(these pictures are from our trip to santa barabara over christmas break, not related to this post, but still fun!)
hey friends! its january, so that means i have to make resolutions. really, not my favorite thing to do. i am not a super introspective person, so i guess the practice of making resolutions is a good thing for me, to stretch me a bit. one of my resolutions is to blog more. but the funny thing is, i wrote down “blog more – ?”. like i am unsure if it should be a resolution or not! my husband has asked me a few times over the last couple years why i am still doing it, to make me really think through my reasons. and i haven’t had a great answer. i don’t have a business anymore, so i don’t blog for promoting my products anymore. and finding the time to produce good quality content has been hard. ok, thats probably a lie. making time for good quality content has been hard. i’m sure i could find the time.

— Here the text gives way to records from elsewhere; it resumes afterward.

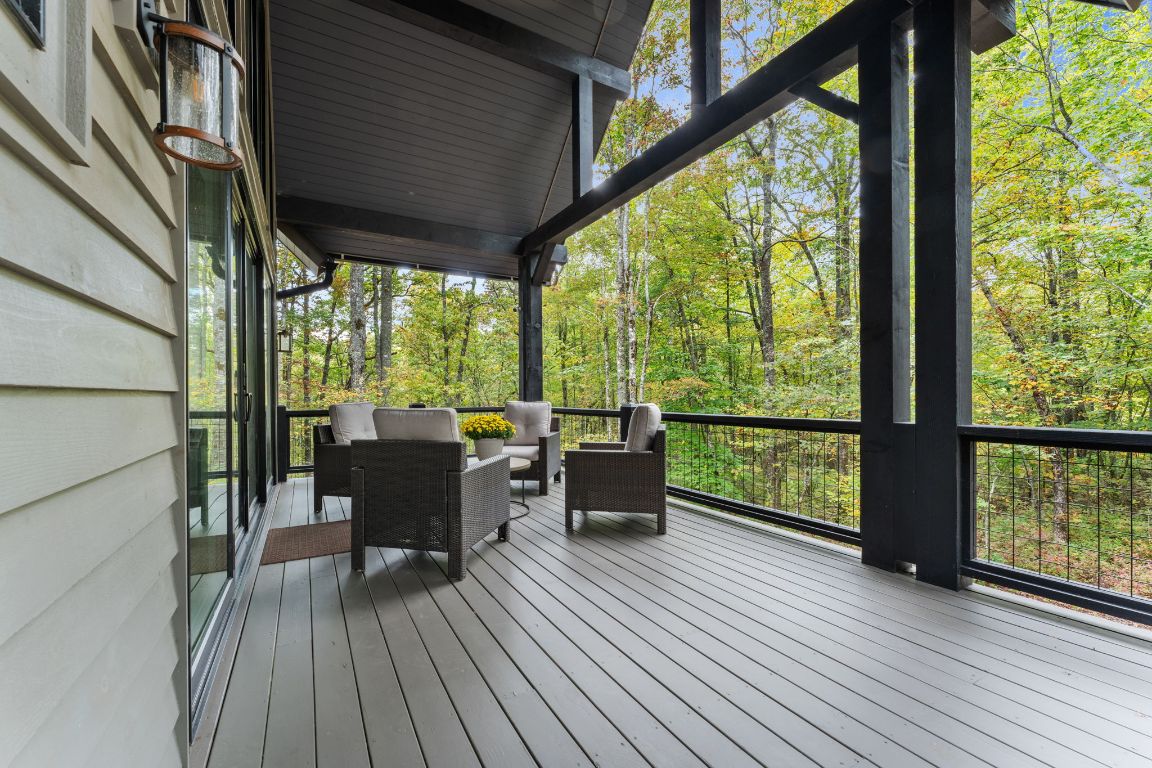 112 Gather Point Road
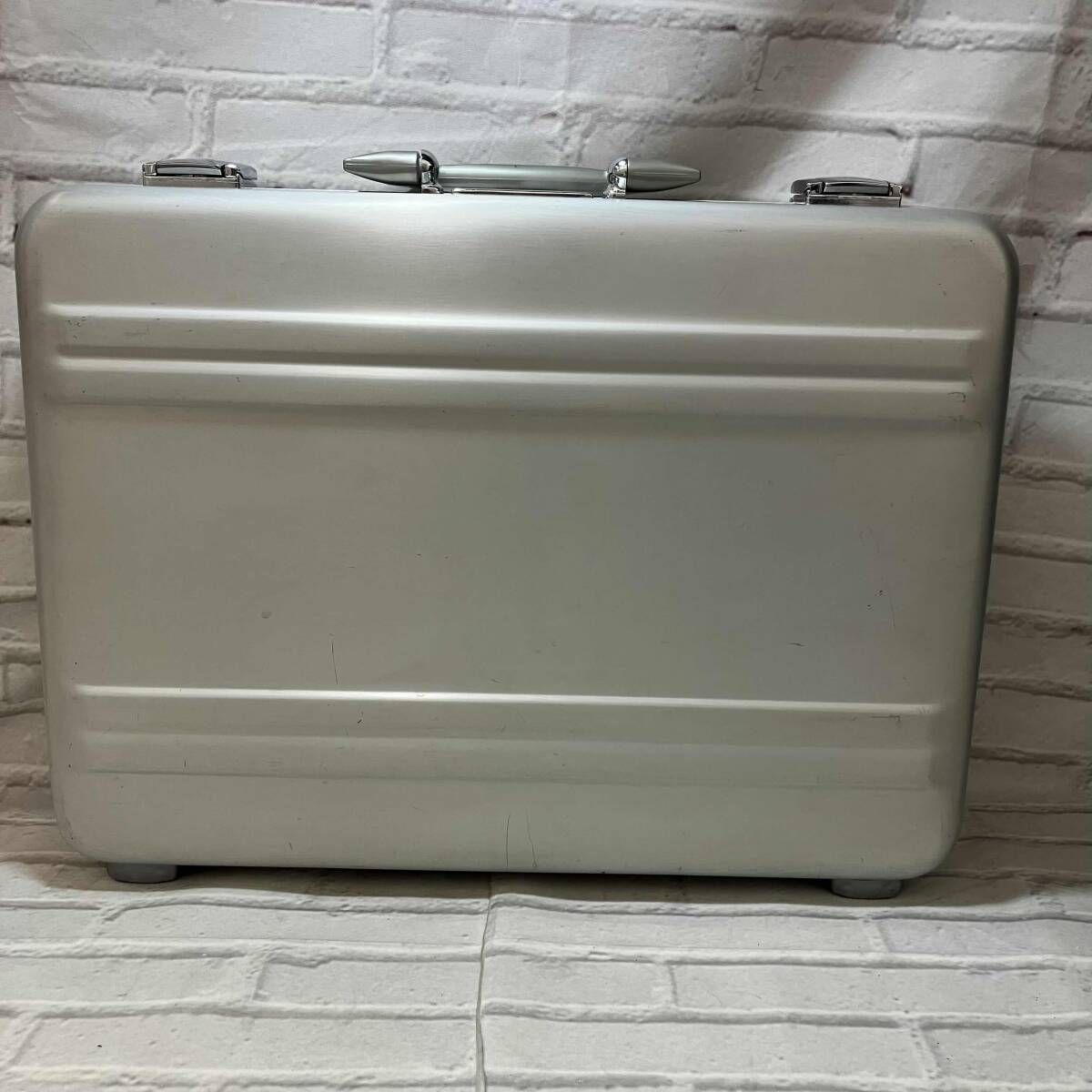 ZERO HALLIBURTON ゼロハリバートン ブリーフケース シルバー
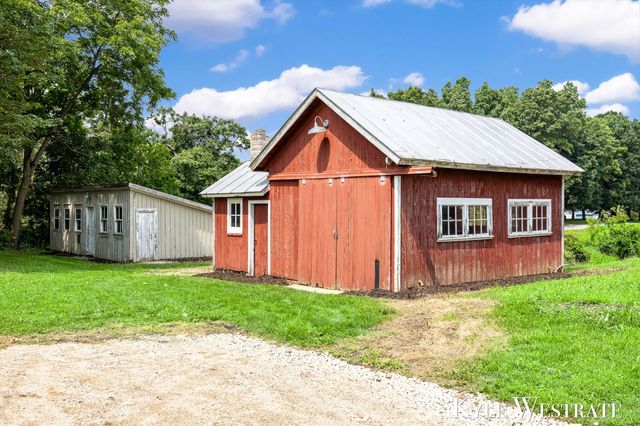 6411 11 Mile Road Ne, Courtland Twp, MI 49341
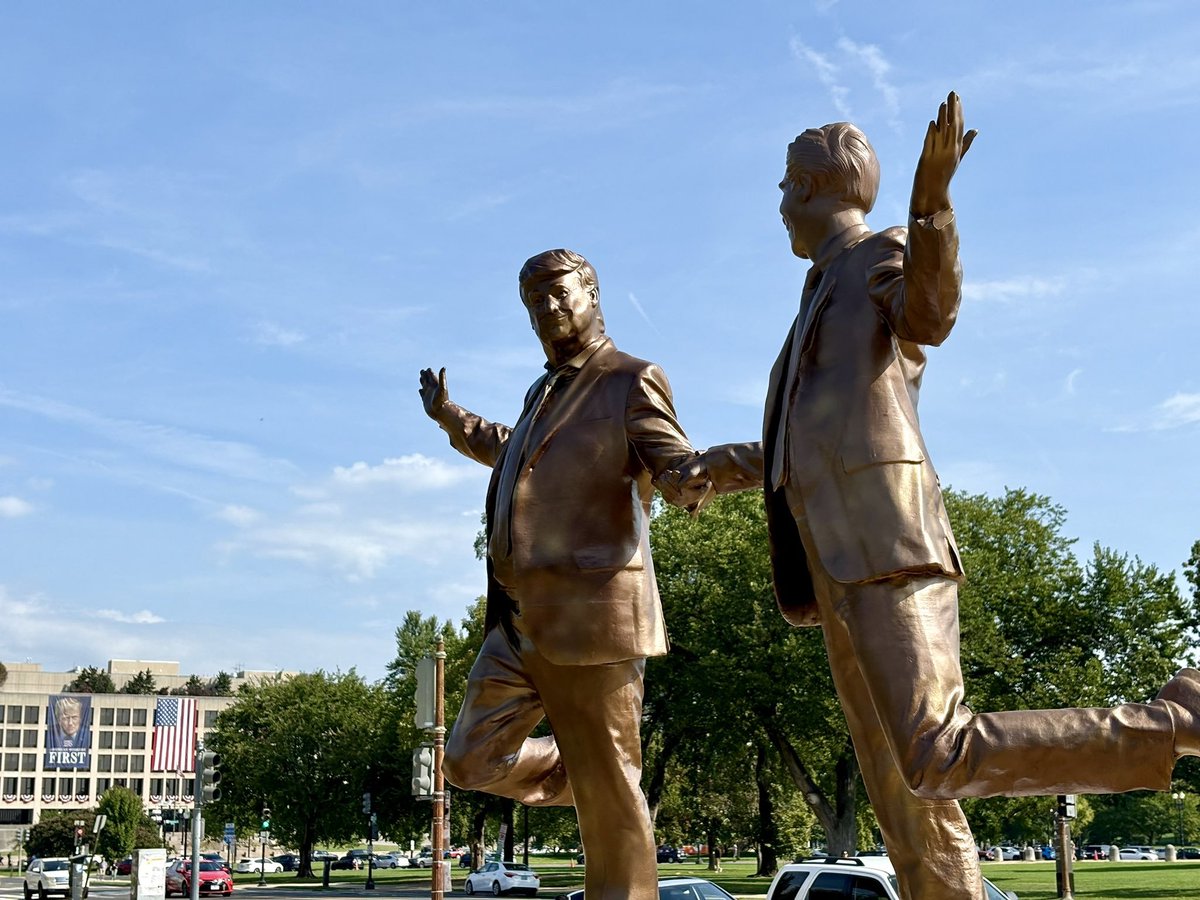 ComploploWatch's tweet image. L'extraordinaire statue célébrant l'amour entre #Trump et son copain #Epstein, a été embarquée à l'aube, malgré la permission par @NatParkService de l'installer au #CapitolHill au nom de la liberté d'expression jusqu'au 28 septembre.

Effet Streisand garanti.
#EpsteinTrumpCoverUp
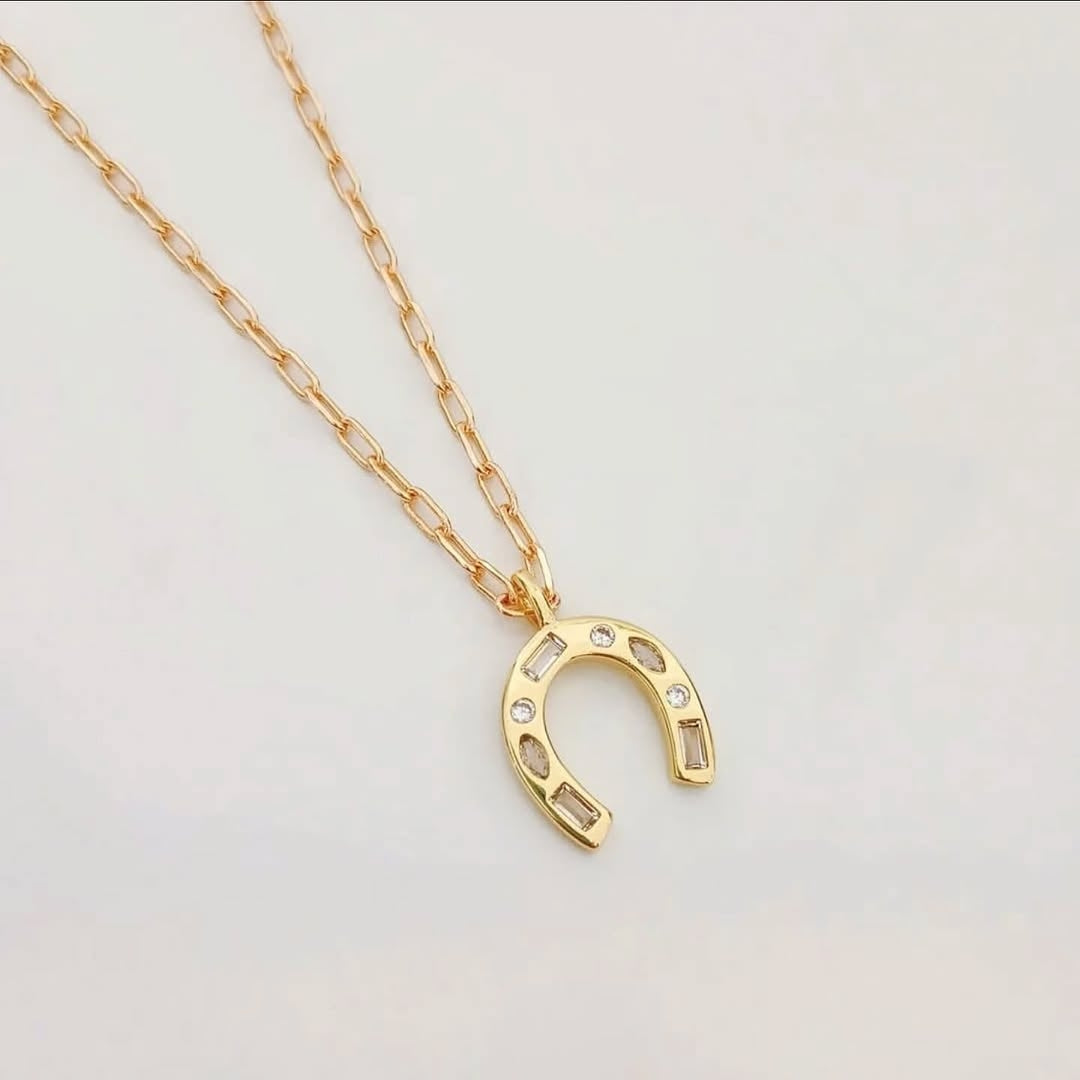 Choker ojitos, collar dorado corazón, collar azul corazón ojito y collar herradura (piezas por separado)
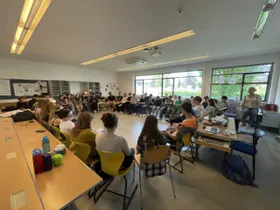 7AB bei der Lesung / beim Vortrag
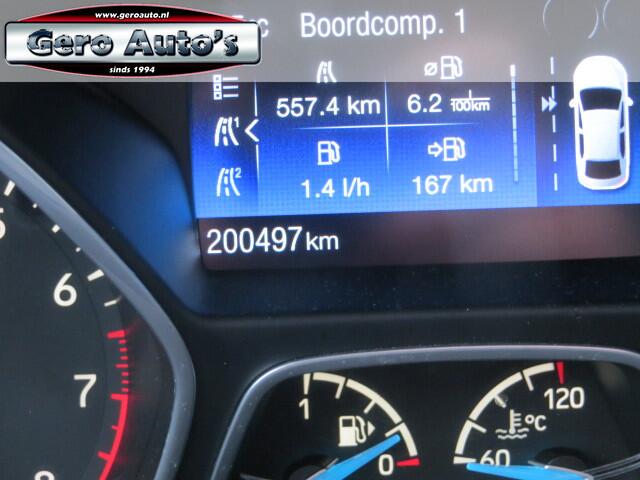 Ford FOCUS Wagon 1.0 Titanium station vol opties ,oa airco ecc ,stuurverwarming etc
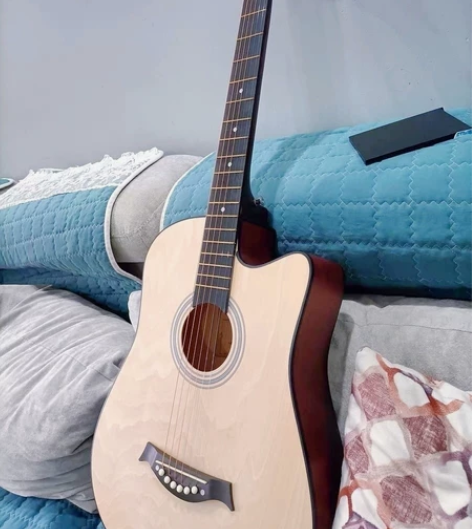 实木吉他,当时报名了吉他课,没想到自己三分...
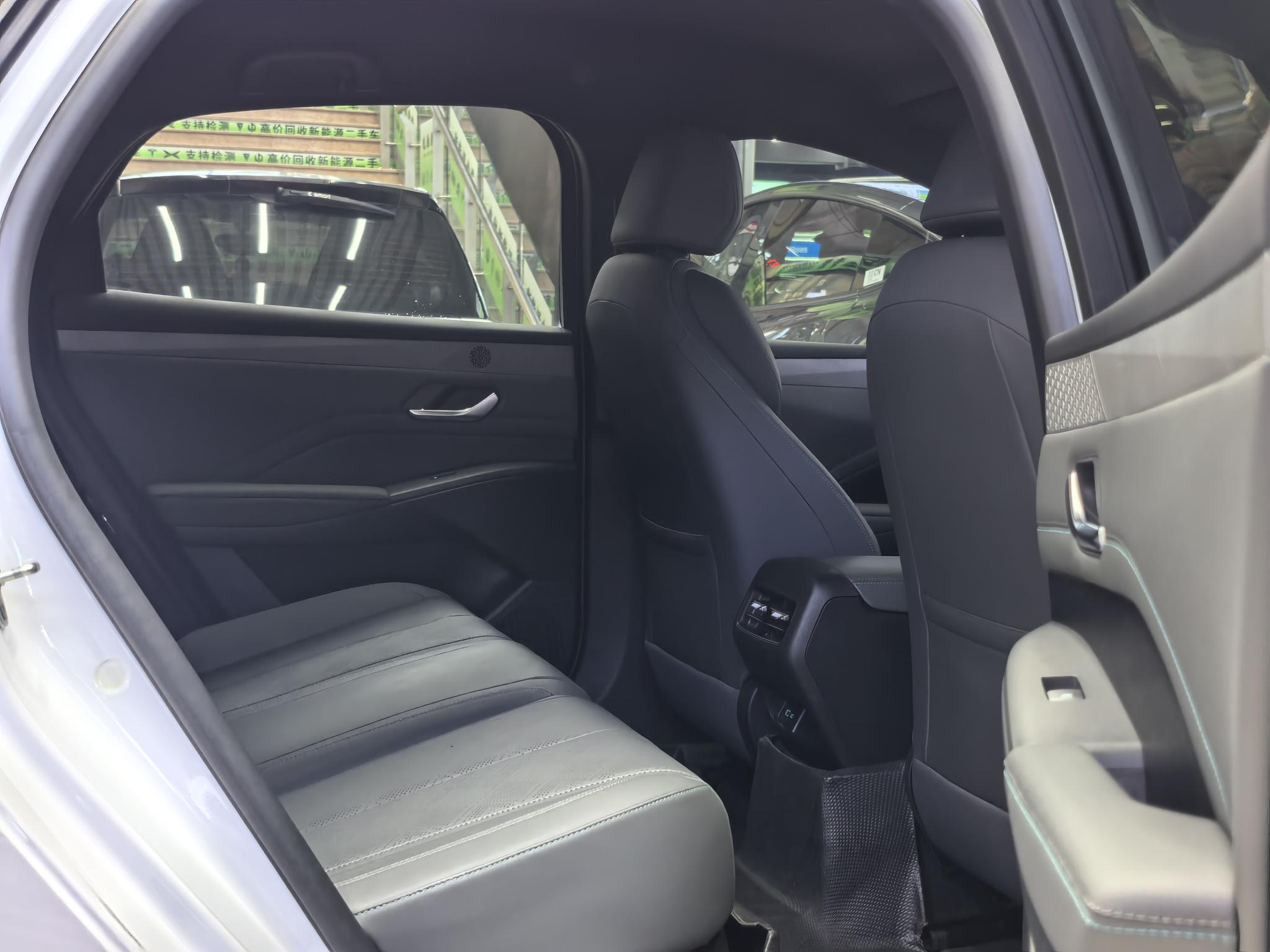 BYD Qin PLUS 2025, фото 17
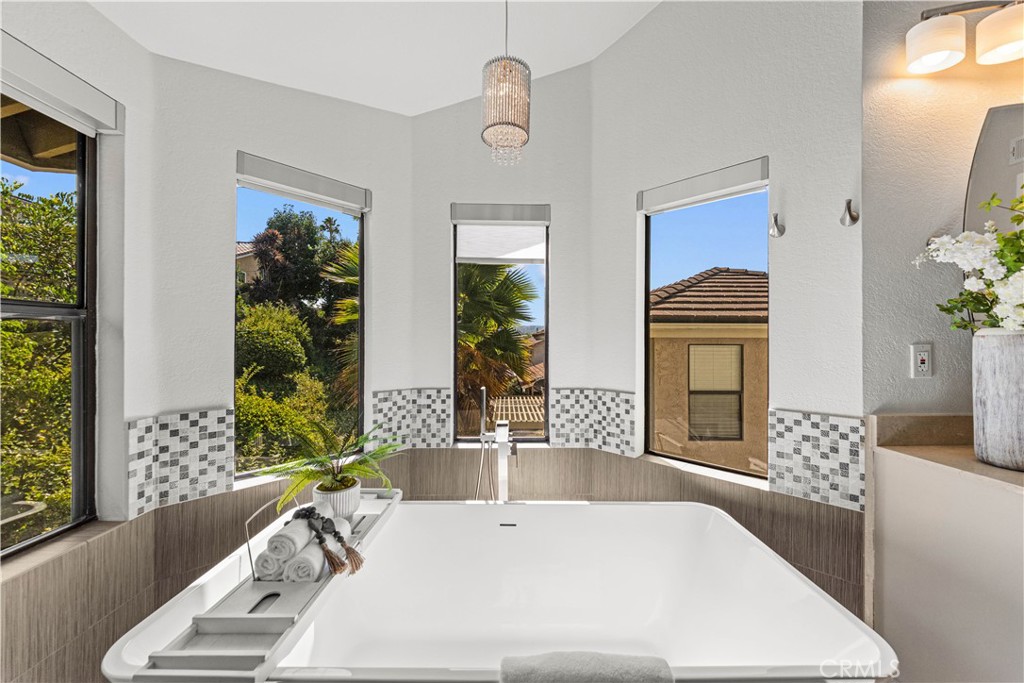 24692 Kings Road Property Photo 44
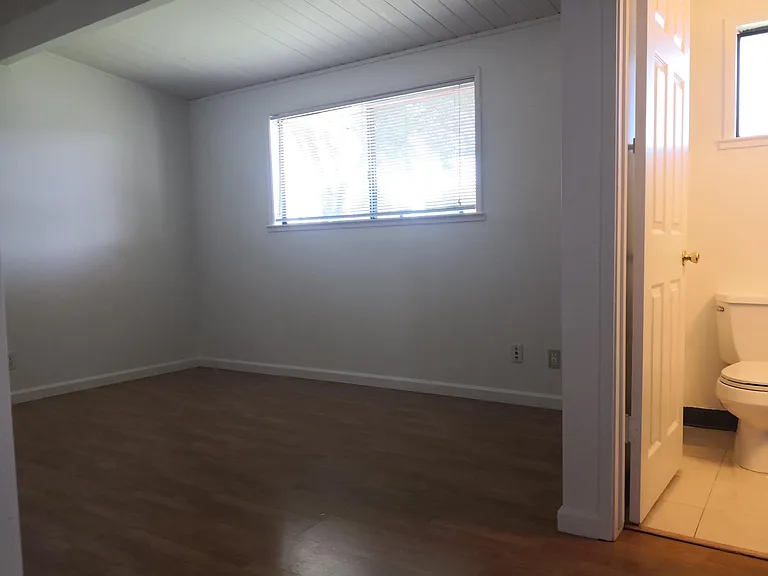 807 Lakehaven Dr — Photo 12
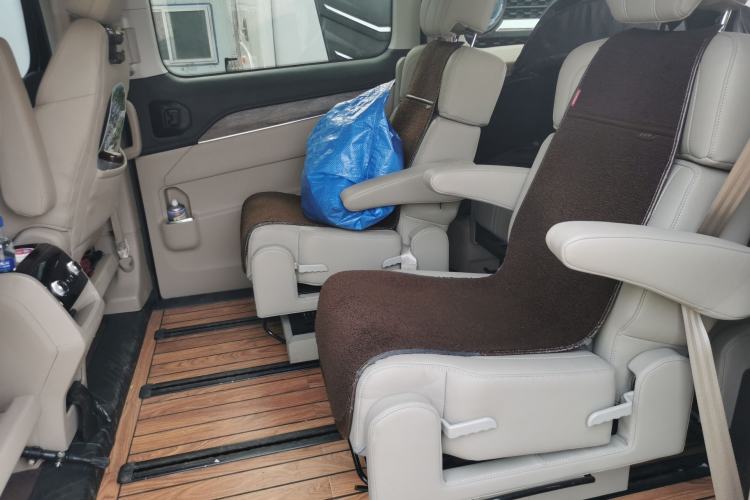 Used Ford Tourneo Custom 2023 2.0T Automatic Comfort Edition Left Rear Seat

we’ve been out of our last home for just over a year now, and in a rental house, and in the property finding/buying/house designing-to-build process for about 2 years now. i’ve mentioned it before, but it has felt like an emotional roller coaster through these 2 years – not overly difficult, but entirely unsettling. our rental has definitely felt like “home” but not the home i’d love to live in forever. while its in a beautiful area, its cold and dark (as in it doesn’t get good light), and just kind of blah. all this to say, i haven’t had a whole lot i’ve felt like blogging about because saying, “hey guys! it looks like we’ve found property! oh. never
mind” gets kind of boring after awhile.
so why do i feel like i need to get back to blogging? because i feel like i’ve lost myself a little bit over the last couple years. while i am pouring myself into my kids and my home life more, i am missing a consistent creative outlet, missing pushing myself to write more and create content, which forced me to be creative. so, here goes again, back to blogging. forgive me if i produce the most boring posts in the history of ever, because right now, i think i’m doing this more for me than anything else.